また、運転席側はパイプ製のドアやガード類を装着。一方、時々ノーマルが恋しくなるからという理由で、助手席側はノーマルの姿を程よく残すというアシンメトリーなカスタムを実施している。
実車とラジコンを同期させる遊びゴコロを披露
“究極のリアル”への探求は尽きない。実車にラジコンを積めば、ラジコンにはミニカーを積む。愛車をカスタムしたらラジコンも。ラジコンが先に凹んだら実車も。徹底したこだわり。
装着したいランクルパーツは自分で作る
「個性が湧き出る感じにしたい」という想いから、パーツの自作にも積極的。例えばパイプドアはロッククローリング競技車のようなデザインだが、雨の侵入を防ぐカバーも製作。DIYのために溶接機とパイプベンダーも購入している。
“映える”ためのテクも抜かりなし
文頭の写真は、中島さんのアレンジでプロカメラマンが撮影したもの。実車と1/8スケールを同じ大きさで描写するのは難しいが、手際良く配置してSNS用に撮影。ちなみに仲間を集めてロッククローリングのラジコン競技も主催しているそうだ。
ランドクルーザー79 SPECIFICATIONS
□ホイール:ジムライン・タイプ2(16×8.0J)
□タイヤ:トーヨー・オープンカントリーM/T(315/75R)
□足まわり:ショックアブソーバ:プロコンプ、リーフスプリング:キープスラント
□エクステリア:純正オプション・フロントグリル&シュノーケル、ロックスライダー・ベッドラック、ワンオフ運転席側パイプドア+パイプフェンダー+コーナーガード+ジェリ缶ホルダー、T-MAX自作ウインチ
愛用の工具でロッククローラーをリアルに
描き出す中島流ハンドメイド術
製作に使用する道具は意外と少ない。ボディの材料となるアルミ板とそれをカットする道具、プレスラインを作る棒など。実車の写真をスマホで確認しながらテンポ良く作成していく。写真はデリカD:5のボディ製作時の様子だ。
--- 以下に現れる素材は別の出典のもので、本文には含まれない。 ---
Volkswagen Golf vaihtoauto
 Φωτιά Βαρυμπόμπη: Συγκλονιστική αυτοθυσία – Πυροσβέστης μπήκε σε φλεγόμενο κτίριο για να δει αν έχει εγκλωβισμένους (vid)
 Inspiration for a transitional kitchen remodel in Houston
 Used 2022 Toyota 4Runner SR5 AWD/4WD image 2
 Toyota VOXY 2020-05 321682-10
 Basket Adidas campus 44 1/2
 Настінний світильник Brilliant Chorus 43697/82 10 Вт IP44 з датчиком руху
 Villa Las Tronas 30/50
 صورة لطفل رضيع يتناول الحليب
決して広いとは言えない工房にはガレージを再現したジオラマも設置され、奥のD21テラノは完成したばかりの作品で、まもなく依頼主の元へと旅立つ。FJクルーザーに乗っていたときに初めてフルオリジナルで製作した木製ボディ。中島サンがリアルを追及するキッカケになった作品だ。
自身の愛車も改造箇所を忠実に
目標は愛車のラジコンをもっと実車に近づけること。現在でも十分なクオリティだが、まだまだ納得していないと話す。今後はフレームや足まわりをよりリアルにする予定。
リアルな作品たち!
気になった車種はすぐ製作して遊ぶのが中島流。話題のランクル300は、デビューしてすぐに製作。三菱ジープは自身が憧れる車種のひとつだ。各車両の造形からプレスラインに至るまで忠実に再現され、まるで実車が本当に河原を走っているように見える。